What is the distribution of forecasts for the US CPI?

The ranges of estimates are
important in terms of market reaction because when the actual data deviates from the
expectations, it creates a surprise effect. Another
important input in market’s reaction is the distribution of forecasts.
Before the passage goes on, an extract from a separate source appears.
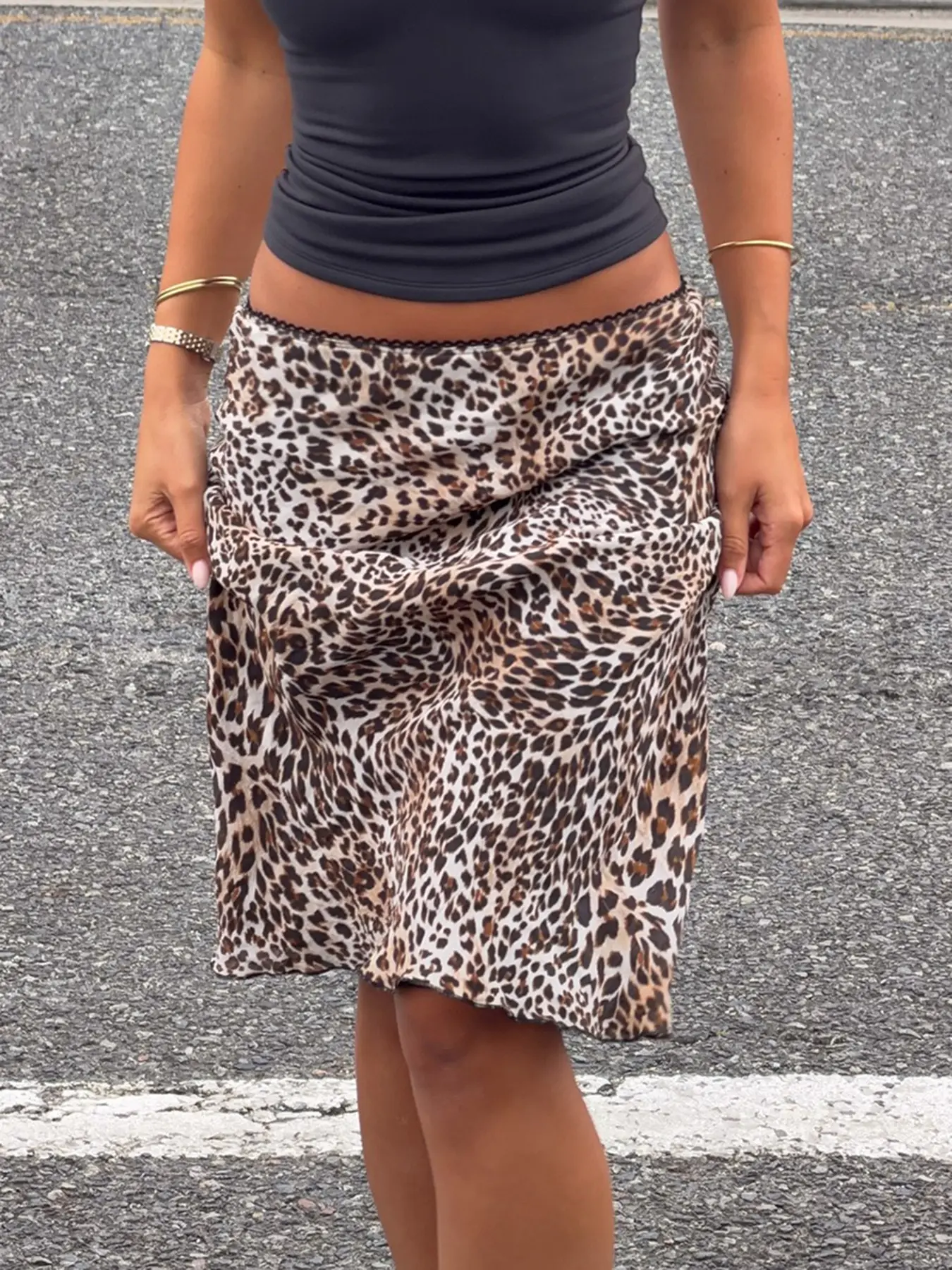 Vintage Leopard Print Midi Skirt, Elastic Waist Fit Knit Half Skirt, Retro Style Over-The-Knee Summer Dress, Women's Fashion Chic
In fact, although we can have a range of
estimates, most forecasts might be clustered on the upper bound of the
range, so even if the data comes out inside the range of estimates but
on the lower bound of the range, it can still create a surprise effect.
CPI Y/Y
- 2.8% (2%)
- 2.7% (47%) – consensus
- 2.6% (43%)
- 2.5% (6%)
- 2.4% (2%)
CPI M/M
- 0.4% (6%)
- 0.3% (65%) – consensus
- 0.2% (25%)
- 0.1% (4%)
Core CPI Y/Y
- 3.1% (2%)
- 3.0% (49%) – consensus
- 2.9% (45%)
- 2.8% (4%)
Core CPI M/M
- 0.4% (4%)
- 0.3% (66%) – consensus
- 0.2% (27%)
- 0.1% (3%)
As
always, the focus will be on the Core figures. We can notice that we have forecasts clustered around 2.9-3.0% for the Y/Y and 0.2-0.3% for the M/M measure. Therefore, the biggest moves will be triggered by deviations from these figures as there’s very low consensus of overshoots or undershoots.